[ovs-dev] Design notes for provisioning Netlink interface from the OVS Windows driver (Switch extension)

Eitan Eliahu eliahue at vmware.com
Fri Aug 8 20:13:05 UTC 2014



>Are you sure the Cancel Irp callback that you set actually does get called?
The process could call 

[QUOTE]We don't want to add per FILE_OBJECT buffer management.
[/QUOTE]
How would you do different for dumps?
I mean, during the time you issue a DeviceIoControl / read for a dump, if another thread happens to do DeviceIoControl to read a dump, how would you distinguish the buffers? Or it is a case that can & will never happen?

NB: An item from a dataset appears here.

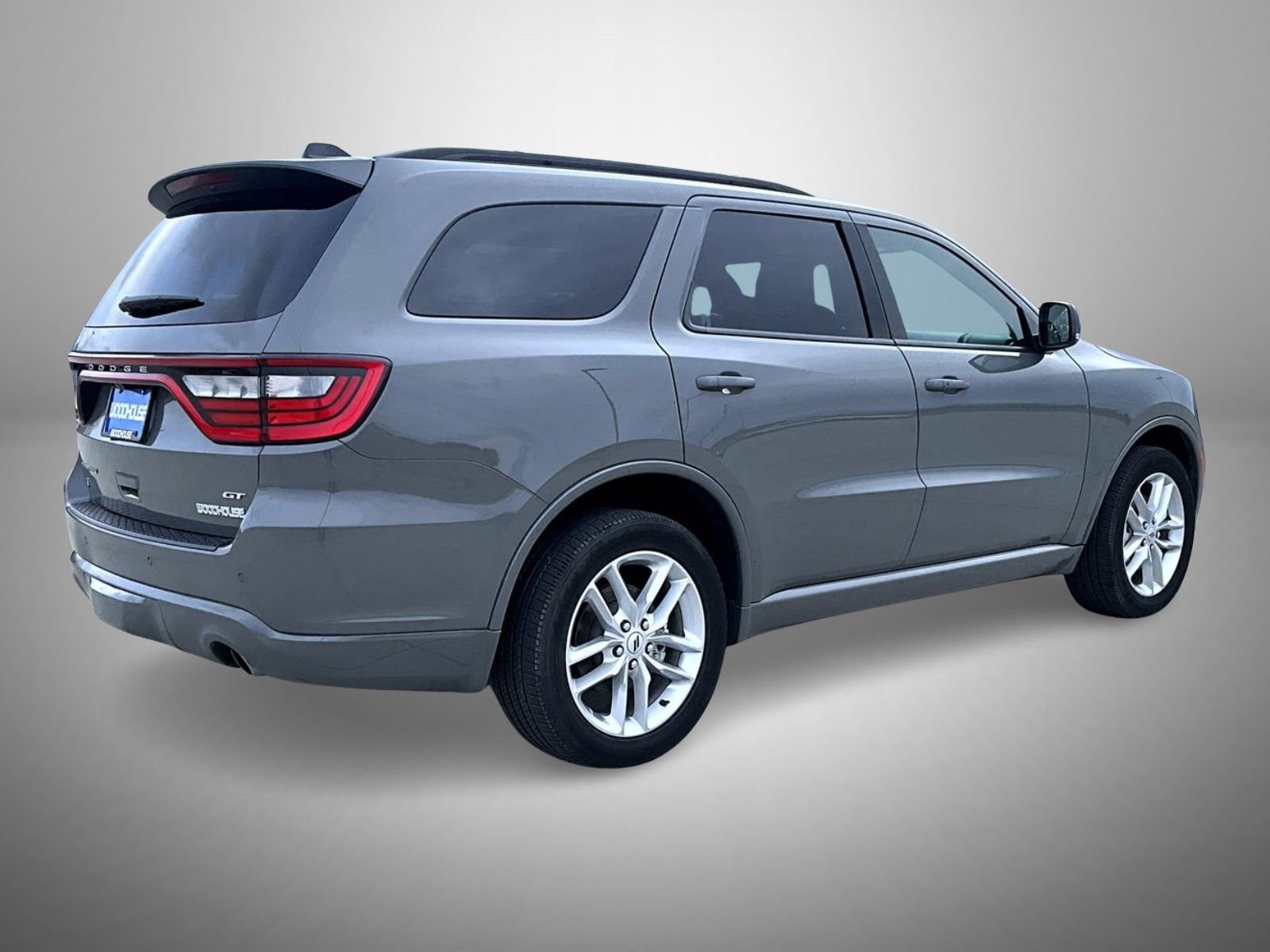 Used 2025 Dodge Durango GT image 5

For operations where the reply can be given and read all at once, and using a DeviceIoControl, you don't need a buffer associated to the FILE_OBJECT.

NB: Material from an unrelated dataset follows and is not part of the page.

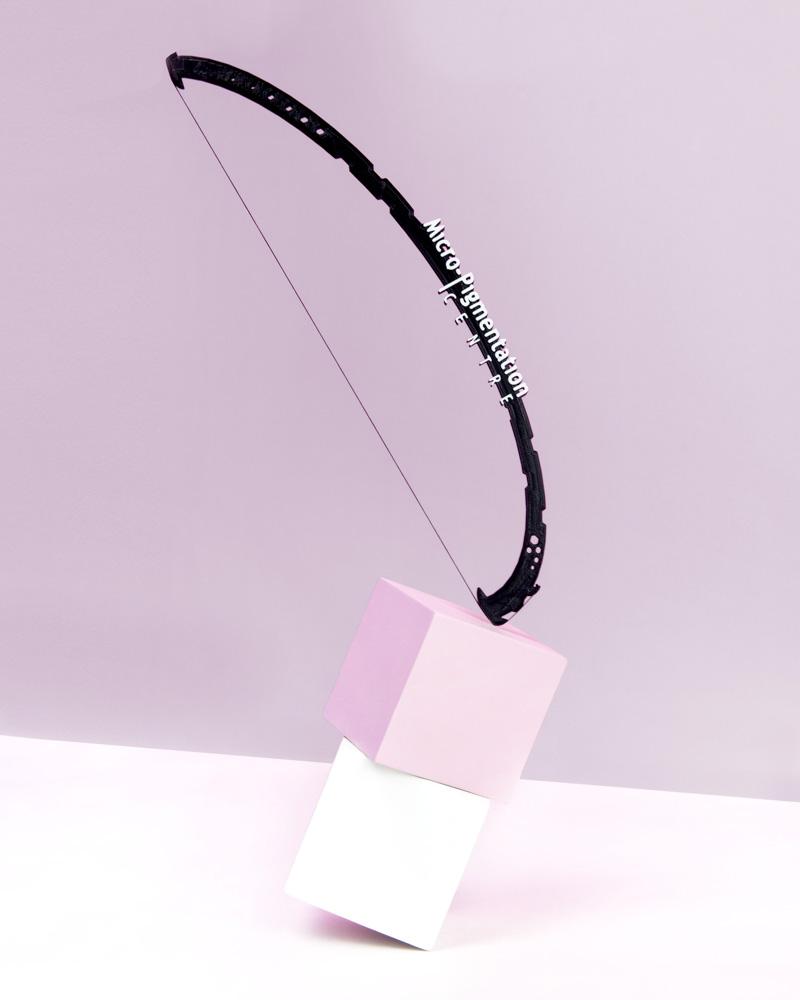 MicroBrow Bow: Mapping Tool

For multicast operations, how do you the cleanup? I mean, I expect that multiple sockets can be registered for the same multicast group.
Also, is it possible in userspace to use a socket that is registered for a multicast group, to do other kind of operation, such as a "Flow/New" or a Dump?

Also, for packet queuing to the userspace, how would you do the cleanup in case the process crashes?

[QUOTE]Regarding the flow dump, I am not opposing to use your method to compute the amount of memory as long as that the read process will be in parts )rather allocating a huge buffer) and that each user / kernel mode transaction is self contained (which means the driver does not have to "remember" anything).[/QUOTE] No huge allocation is done in userspace. Only in kernel it can happen: if the whole flow dump reply will need 100 MB, 100 MB will be allocated in kernel for the buffer, while the process will read in chunks of say, 8KB.

Sam
________________________________________
From: Eitan Eliahu [eliahue at vmware.com]
Sent: Friday, August 08, 2014 9:38 PM
To: Samuel Ghinet; Alin Serdean; dev at openvswitch.org; Rajiv Krishnamurthy; Ben Pfaff; Kaushik Guha; Ben Pfaff; Justin Pettit; Nithin Raju; Ankur Sharma; Linda Sun; Keith Amidon
Subject: RE: Design notes for provisioning Netlink interface from the OVS Windows driver (Switch extension)

We handle process termination and we cancel the pending IRPs. We don't want to add per FILE_OBJECT buffer management.

Regarding the flow dump, I am not opposing to use your method to compute the amount of memory as long as that the read process will be in parts )rather allocating a huge buffer) and that each user / kernel mode transaction is self contained (which means the driver does not have to "remember" anything).

-----Original Message-----
From: Samuel Ghinet [mailto:sghinet at cloudbasesolutions.com]
Sent: Friday, August 08, 2014 11:32 AM
To: Eitan Eliahu; Alin Serdean; dev at openvswitch.org; Rajiv Krishnamurthy; Ben Pfaff; Kaushik Guha; Ben Pfaff; Justin Pettit; Nithin Raju; Ankur Sharma; Linda Sun; Keith Amidon
Subject: RE: Design notes for provisioning Netlink interface from the OVS Windows driver (Switch extension)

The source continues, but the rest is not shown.